# Task brief
Only the lines from the one containing "Mini-Weihnachtsbaum mit Holzsockel, beschneit, 10-40cm" through the one containing "Geometric Face Line Art Portrait." should be printed, exactly as they appear below, with both ends included.

Records Start Marker

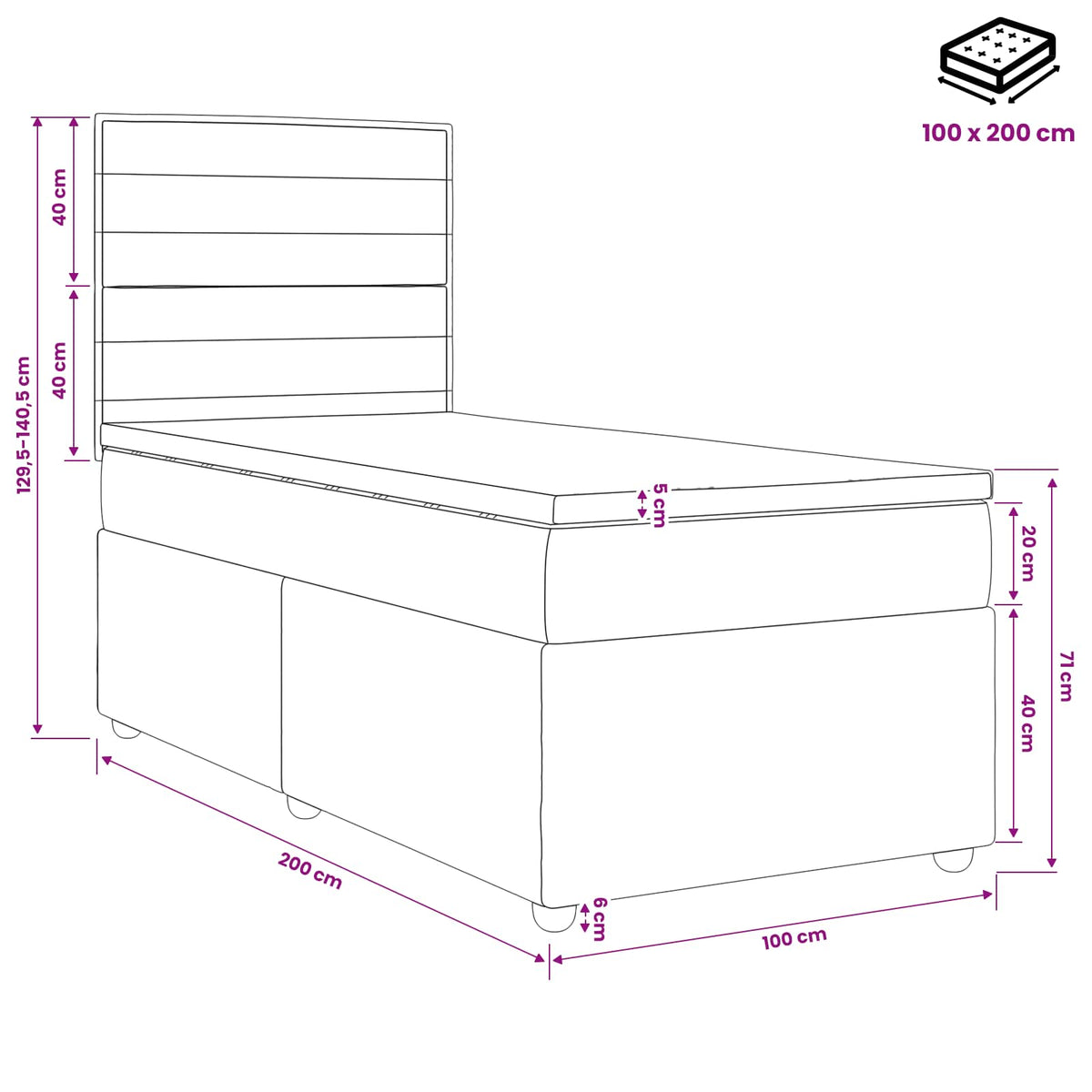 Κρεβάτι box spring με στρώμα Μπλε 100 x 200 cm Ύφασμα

Records End Marker
Records Start Marker

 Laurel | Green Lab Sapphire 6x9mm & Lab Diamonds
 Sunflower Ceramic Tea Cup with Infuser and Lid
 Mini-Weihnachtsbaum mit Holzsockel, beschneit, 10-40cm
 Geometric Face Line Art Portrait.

Records End Marker

# Written solution
 Mini-Weihnachtsbaum mit Holzsockel, beschneit, 10-40cm
 Geometric Face Line Art Portrait.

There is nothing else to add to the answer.